Overall, there’s a lot of good here, especially for a free game, but the missteps still make it kinda hard to recommend.
First-person platformer. Standard left stick to walk and right stick to look around, A button double-jumps, RT fires your freeze-gun (which you only get if you go through the tutorial) though the lack of reticle makes it hard to aim, Y advances dialogue, and RB toggles a mode where you move faster but constantly bounce. If you freeze a moving platform, jumping off of it will launch you in the direction that platform was moving when you froze it, which is an interesting concept, but it really just makes it kinda annoying to make the long jumps you’re expected to, especially when you only barely miss reaching the next platform despite having toggled on the fast-moving bouncing mode and double-jumped. Making those jumps feels a bit more like luck than skill.
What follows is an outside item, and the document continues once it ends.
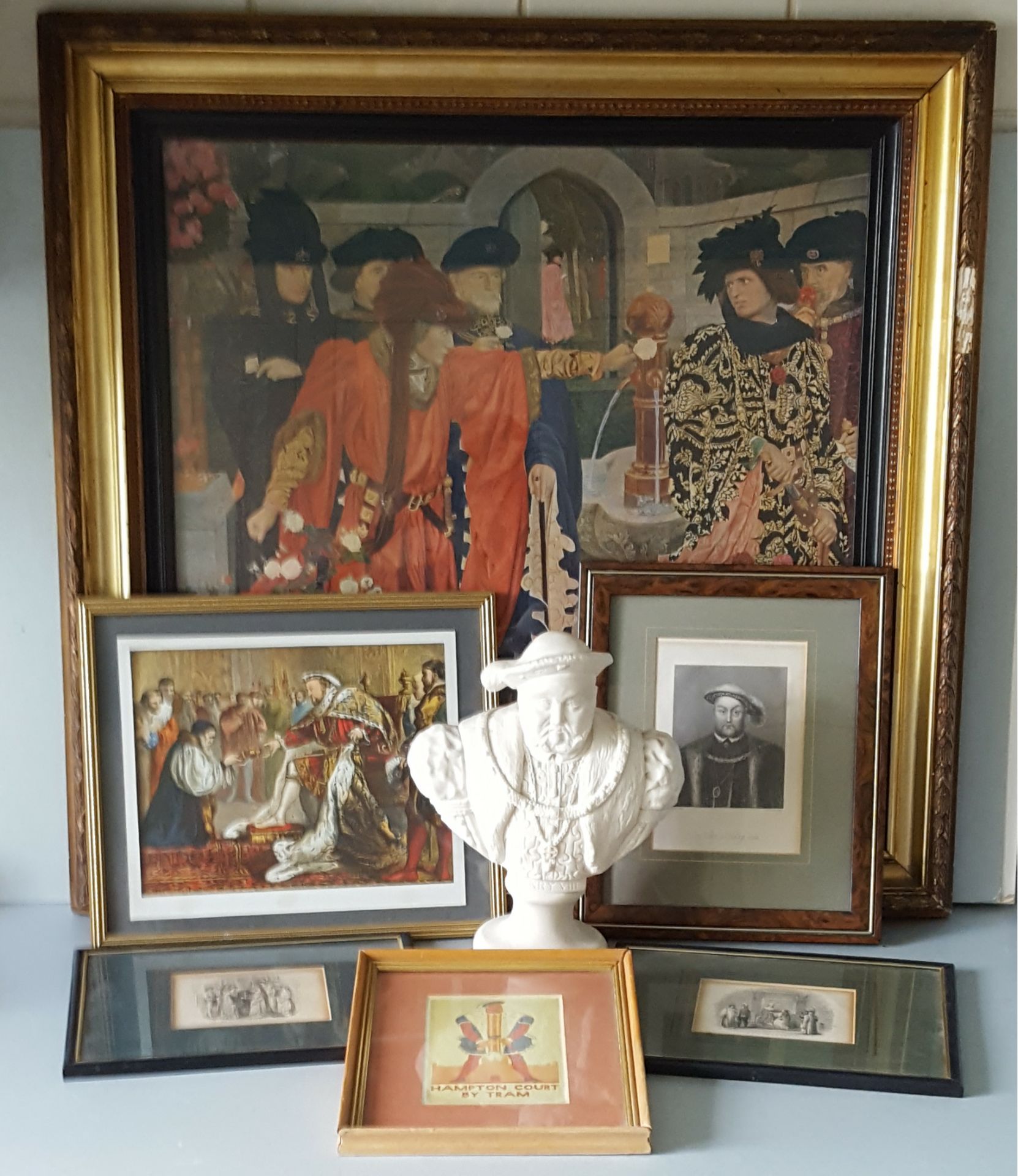 Vintage Retro Parcel of Henry VIII Memorabilia. Includes a Bust and Prints NO RESERVE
Level design is pretty good. Checkpoints are frequent and hazards are fair. Only issues I had besides the aforementioned launch mechanic is that hazards can sometimes unfreeze faster than you expect and kill you when you’ve just moved past them and can’t see them anymore, and also the fact that frozen hazards still deal contact damage, but both of those are things you can get used to.
It’s also worth mentioning that the game ends very abruptly. The protagonist finds a picture of people who “look familiar,” and then nothing ever comes of that. Near the end, the protagonist mentions that she doesn’t sense what she’s looking for nearby, but then ten seconds later, you enter a door and find exactly that and the credits show up and you’re back to the title screen. It definitely feels like there were bigger plans for this game that fell through, and the demo for its sequel has an entirely new cast of characters, so unless I missed a hidden Easter egg somewhere, the questions raised by this game will remain unanswered (the secret area shown in the game’s only Steam Guide just raises more questions).
Overall, it’s okay for a free game, so I can recommend it.